I could take that anger to this encounter, or I could look for a more constructive way to approach it.
He tried to pass on a narrow shoulder on the right side of my truck. He didn’t make it.
A lineup at customs had me stopped, parked and just waiting. Waiting for the line to move. Sitting high up in the big truck, there is quite a sizeable blind spot on the right side of the truck. So much so that I didn’t see, but rather felt a small jolt and heard the distinct ‘thud’ sound of an object making contact with another object. Namely my truck.
It was a minivan. The driver attempted to pass me on what was a narrow six ft shoulder. Then when he thought he was far enough in front of me, he attempted to cut across my path to cut into the non-commercial vehicle lane.
Back to the door handle. I grabbed on, took a deep breath then flew out of the truck. By the time I hit the ground I had took enough deep breaths to ‘namaste my way through this test of karma.
Accident really. Elderly gentleman. Reflexes and observatory skills declining. He said he didn’t even know he it me.
It wasn’t the end of the world. Nobody got hurt. Not a foul word was uttered. I made sure he was okay. We stood together this little man and I. He was five foot nothing. All the while people in passenger vehicles looked and watched in voyeuristic curiosity.
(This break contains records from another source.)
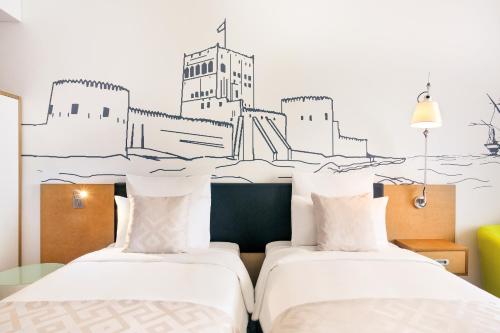 two beds in a room with a drawing on the wall at Mercure Sohar in Sohar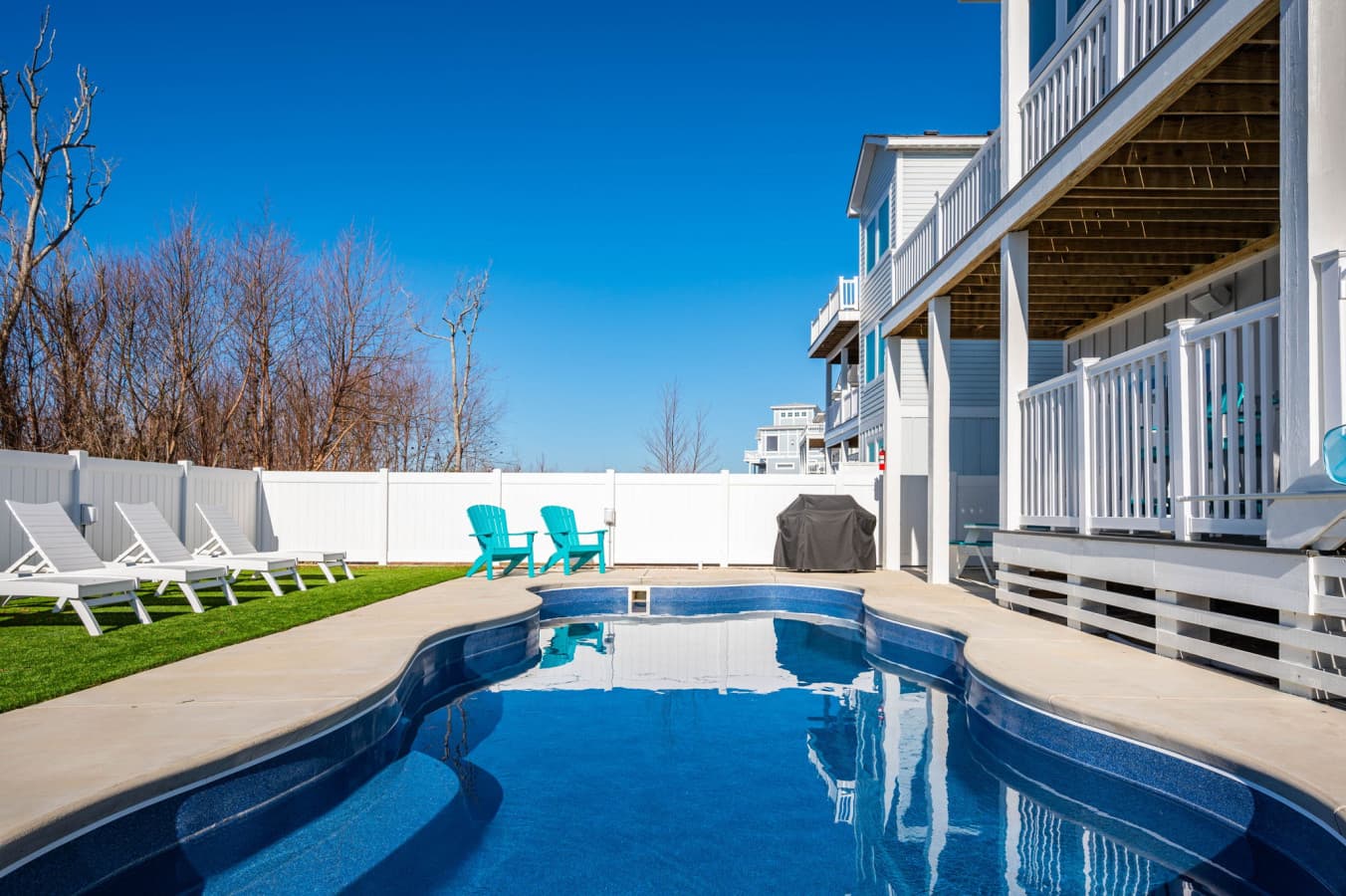 Private pool w/ loungers lining the fence & three levels of deck rising above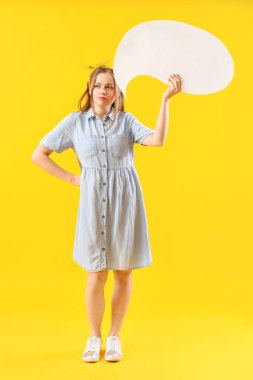 Sarı arka planda boş konuşma balonu olan düşünceli genç bir kadın.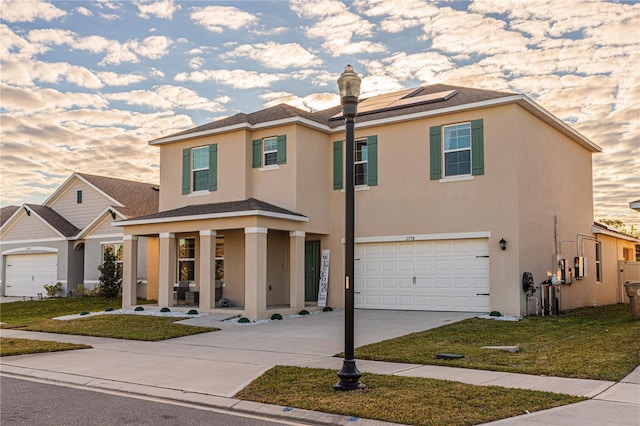 view of front of property with a garage, a yard, and solar panels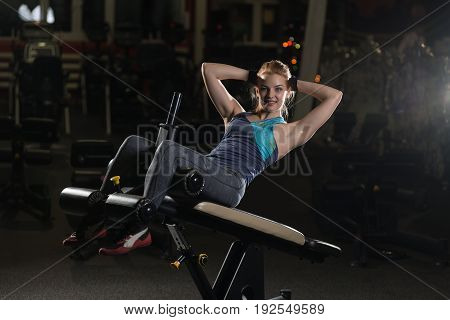 Woman doing strength exercises for abdominal muscles at indoor sport gym. Girl doing yoga stretches after running. Fitness model in dark sport club.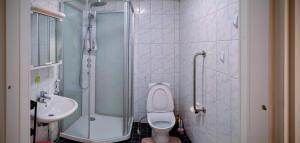 a bathroom with a shower and a toilet and a sink at Pink Nissi in Kuusamo +8 photos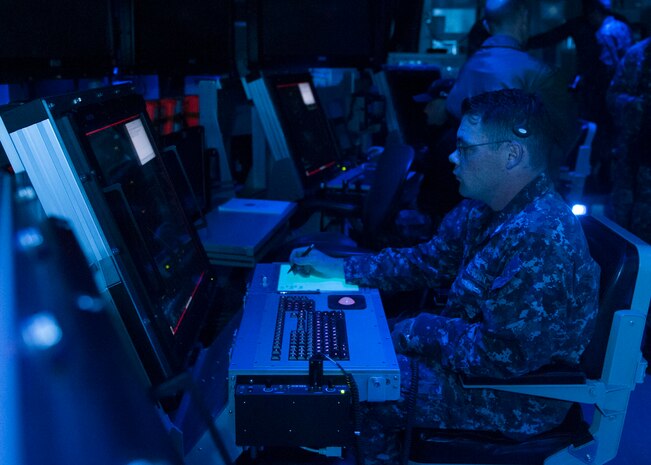 160322-N-DI878-070 (March 22, 2016) SAN DIEGO – USS Carl Vinson (CVN 70) Air Traffic Controller 1st Class  David Shoemaker demonstrates the first air traffic control simulator installed on board a Navy aircraft carrier in the aircraft carrier USS Carl Vinson air traffic control center (CATCC). Carl Vinson is currently pierside in its homeport of San Diego. (U.S. Navy photo by Mass Communication Specialist 3rd Class Giovanni Squadrito/Released)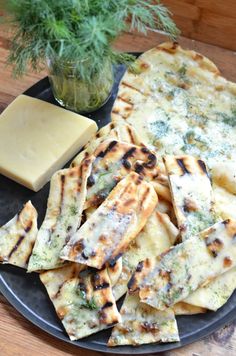 a plate topped with cheese and crackers on top of a wooden table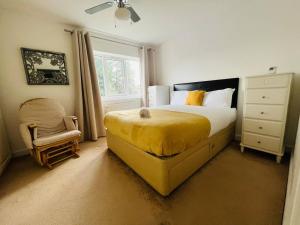 a bedroom with a yellow bed and a chair at Gytes Lane, Manchester with FREE Parking and FREE Wi-Fi in Manchester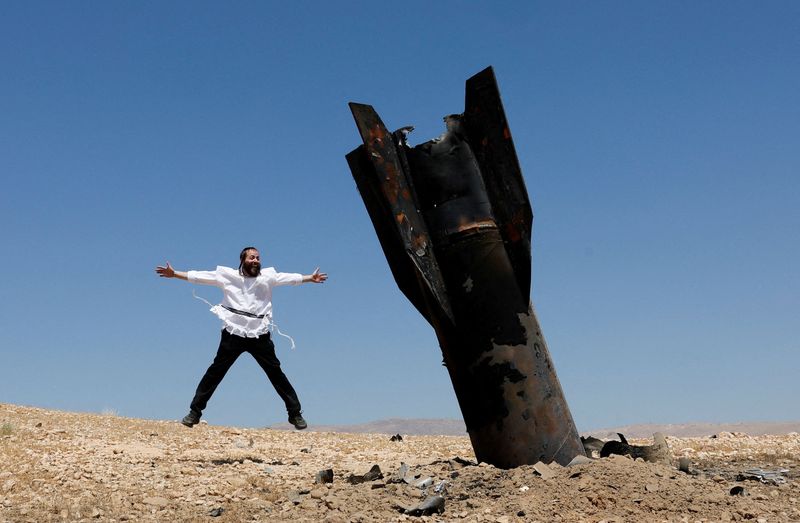 An Israeli ultra-Orthodox Jewish man reacts near a part of a missile protruding from the ground, following strikes from Iran, in the central Israeli-occupied West Bank, June 8, 2026. REUTERS/Ammar Awad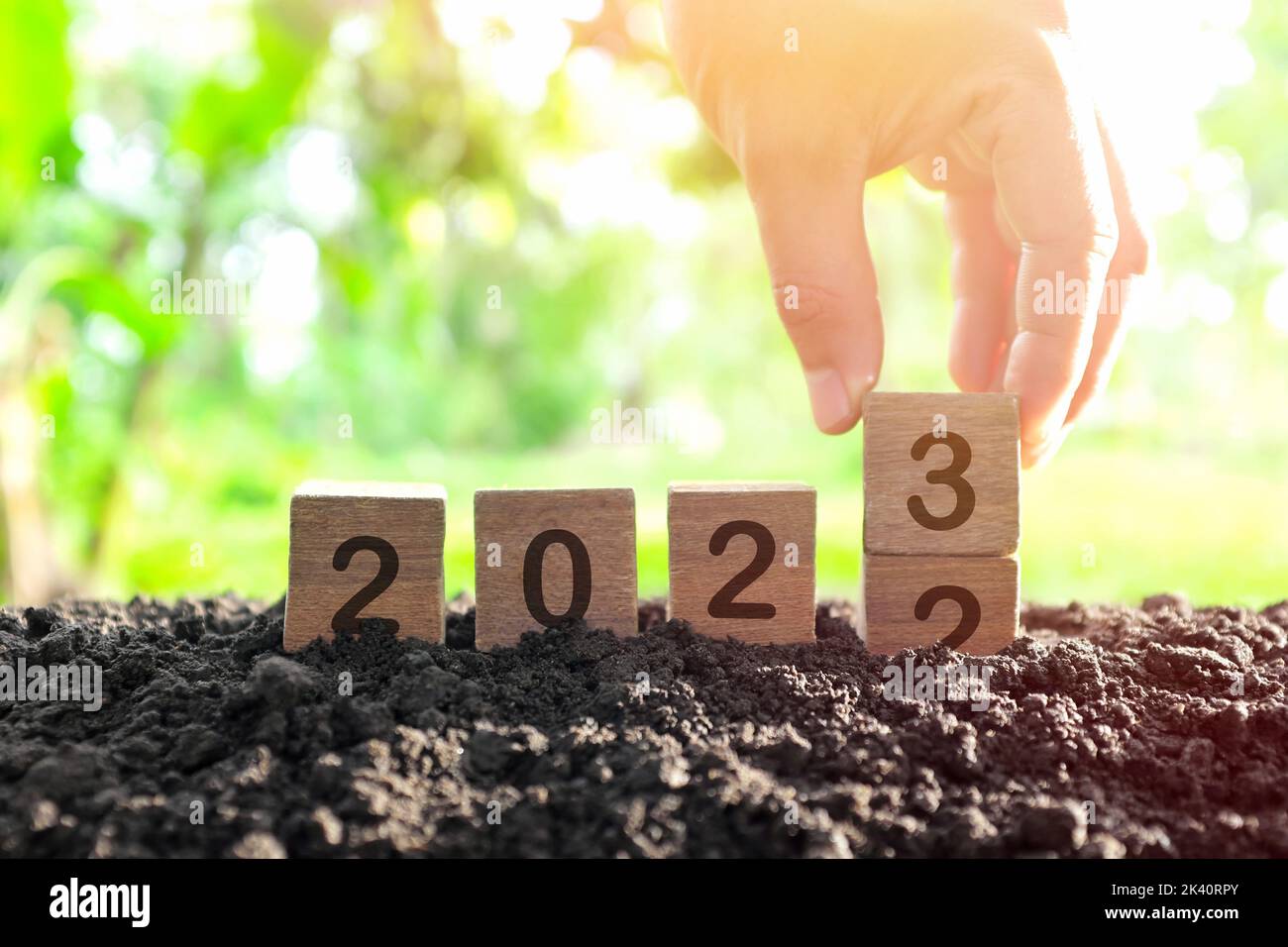 Mano che cambia anno 2022 a 2023 in blocchi di legno cubetti con pianta crescente all'alba. Anno nuovo 2023, Hope, Hello e Arrivederci Concept. Foto Stock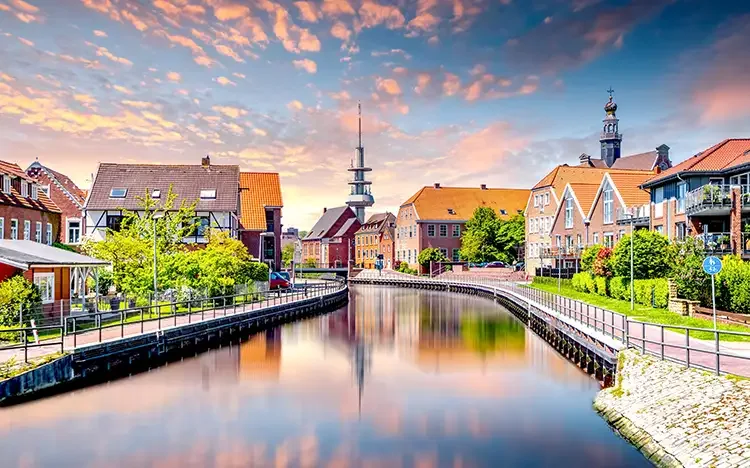 Blick auf den Kanal in Emden mit historischen Häusern und Kirche bei Sonnenuntergang.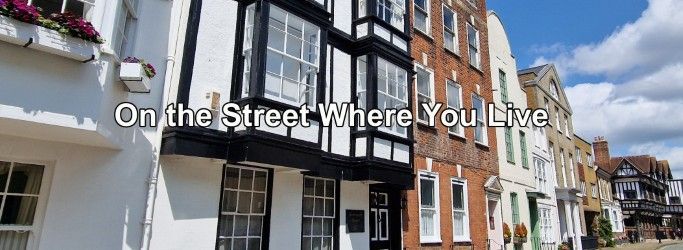 A row of buildings with the words `` on the street where you live '' written on them.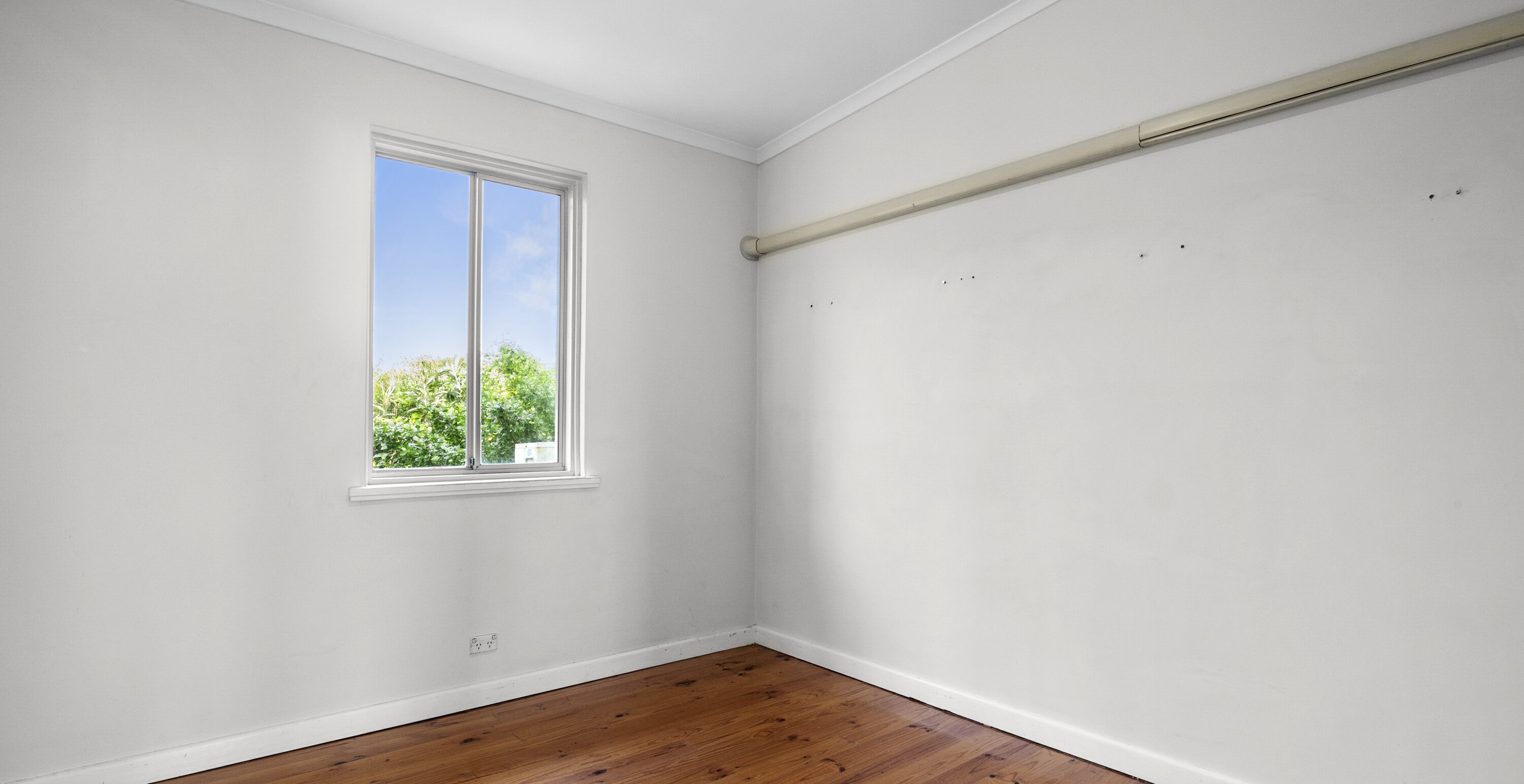 Une pièce aux murs blancs, avec un plancher en bois, une grande fenêtre donnant sur les arbres et un plafond où l’on peut voir les conduits.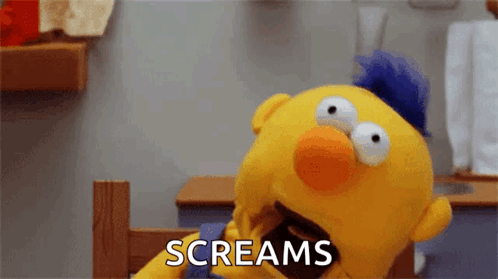 Yellow Puppet With Blue Mohawk Screaming GIF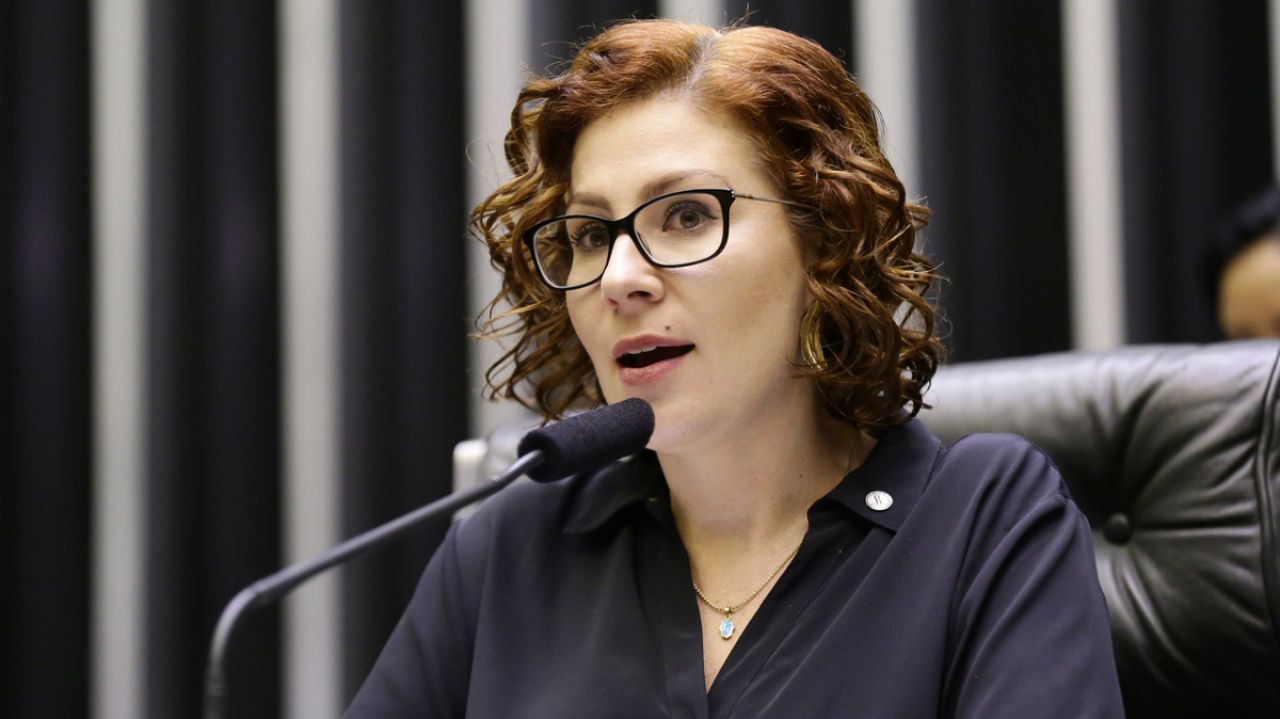Carla Zambelli de roupa preta e óculos, falando em microfone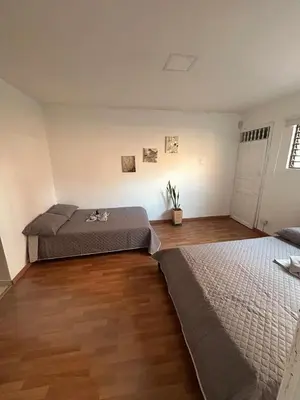 a bedroom with two beds and a wooden floor at Apartamento Rosa colonial in Medellín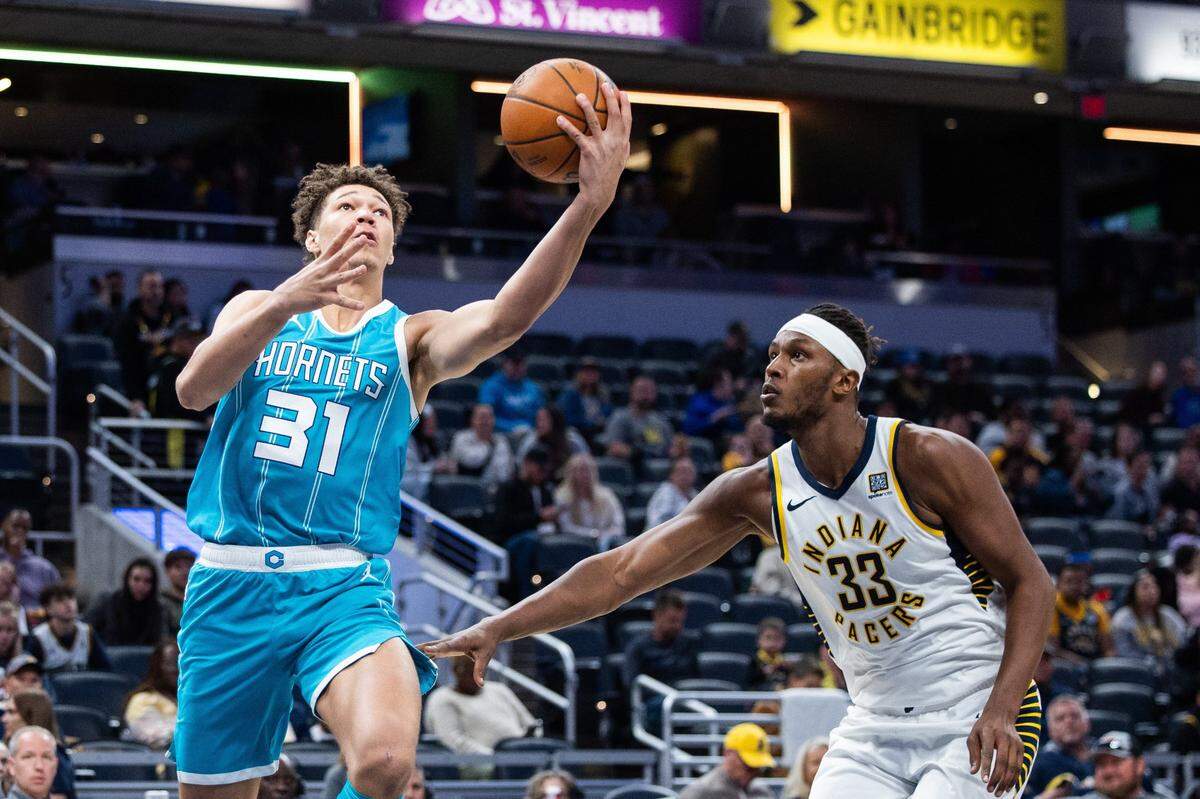 Charlotte Hornets forward Tidjane Salaun (31) shoots the ball while Indiana Pacers center Myles Turner (33) defends in the second half at Gainbridge Fieldhouse.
We disappointed them. Me and that old fella. Nope. Nothing to see here. While exchanging insurance information and taking pictures of the damage. Two motorists presented me with their business cards, just in case I needed witnesses.
That’s when it hit me. I wasn’t so much concerned about covering my own butt. I was parked. Stopped. He was in the wrong.
What concerned me was the old fellow. At his age, I would think that his insurance company would be taking a hard look at his ability to drive; that’s the big elephant in the room.
For him, so many years of having the ability and freedom to drive when and where he wanted may very well be coming to an end; and along with it, the sense of independence that is so easily taken for granted while we have it.
Yeah, it was just a minor fender bender to me. But to him it, may very well be a huge game changer.
I could’ve made a big deal out of it. But I had a choice when I grabbed hold of the door handle. I think the old fellow and I both chose wisely.
Remember. Meet people where they are. We all make mistakes.